_Task objective_. With the line that contains "Red blood cells in motion" as the final line, return every line from the start of the data below exactly.
[[ Records for this exercise open ]]
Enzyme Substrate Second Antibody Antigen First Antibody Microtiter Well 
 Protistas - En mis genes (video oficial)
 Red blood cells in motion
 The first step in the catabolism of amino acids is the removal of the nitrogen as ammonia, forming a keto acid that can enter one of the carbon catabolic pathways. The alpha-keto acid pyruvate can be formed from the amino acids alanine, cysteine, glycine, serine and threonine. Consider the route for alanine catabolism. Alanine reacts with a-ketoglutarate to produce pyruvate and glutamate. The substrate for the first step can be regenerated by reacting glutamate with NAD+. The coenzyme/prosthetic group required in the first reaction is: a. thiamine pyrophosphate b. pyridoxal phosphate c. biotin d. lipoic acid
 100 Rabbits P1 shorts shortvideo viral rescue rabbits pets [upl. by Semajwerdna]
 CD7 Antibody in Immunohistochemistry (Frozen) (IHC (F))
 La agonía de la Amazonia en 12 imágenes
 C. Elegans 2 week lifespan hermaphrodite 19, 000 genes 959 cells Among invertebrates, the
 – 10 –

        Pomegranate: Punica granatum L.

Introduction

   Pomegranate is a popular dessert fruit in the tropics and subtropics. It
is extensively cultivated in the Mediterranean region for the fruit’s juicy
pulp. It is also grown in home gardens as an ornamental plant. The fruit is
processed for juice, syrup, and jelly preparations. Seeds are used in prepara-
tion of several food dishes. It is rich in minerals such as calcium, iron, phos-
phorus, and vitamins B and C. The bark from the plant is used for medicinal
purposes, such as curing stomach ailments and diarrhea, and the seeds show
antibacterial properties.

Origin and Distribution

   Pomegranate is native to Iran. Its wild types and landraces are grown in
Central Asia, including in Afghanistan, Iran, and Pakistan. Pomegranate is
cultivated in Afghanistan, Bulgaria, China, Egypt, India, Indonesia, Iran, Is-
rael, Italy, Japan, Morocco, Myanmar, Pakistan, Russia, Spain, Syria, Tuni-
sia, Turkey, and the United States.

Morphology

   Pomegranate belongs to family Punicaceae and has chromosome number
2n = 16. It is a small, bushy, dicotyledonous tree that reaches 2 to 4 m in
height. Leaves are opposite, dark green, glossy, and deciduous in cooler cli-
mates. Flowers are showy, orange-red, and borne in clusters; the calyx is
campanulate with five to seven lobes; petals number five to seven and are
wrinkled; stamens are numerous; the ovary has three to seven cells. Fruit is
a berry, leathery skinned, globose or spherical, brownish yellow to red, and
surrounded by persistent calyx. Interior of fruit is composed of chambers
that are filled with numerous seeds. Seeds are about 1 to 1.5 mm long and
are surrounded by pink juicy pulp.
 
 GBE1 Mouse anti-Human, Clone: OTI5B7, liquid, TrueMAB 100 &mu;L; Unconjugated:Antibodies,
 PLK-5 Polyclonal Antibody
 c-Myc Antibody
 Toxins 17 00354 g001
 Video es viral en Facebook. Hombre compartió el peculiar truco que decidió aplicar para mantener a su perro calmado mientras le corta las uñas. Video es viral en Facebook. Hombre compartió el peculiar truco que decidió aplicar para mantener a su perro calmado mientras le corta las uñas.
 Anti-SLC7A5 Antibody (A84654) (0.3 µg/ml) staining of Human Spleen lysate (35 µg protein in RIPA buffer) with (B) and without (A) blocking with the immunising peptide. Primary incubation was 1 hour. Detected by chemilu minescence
[[ Records for this exercise closed ]]
_Finished exercise_.
Enzyme Substrate Second Antibody Antigen First Antibody Microtiter Well 
 Protistas - En mis genes (video oficial)
 Red blood cells in motion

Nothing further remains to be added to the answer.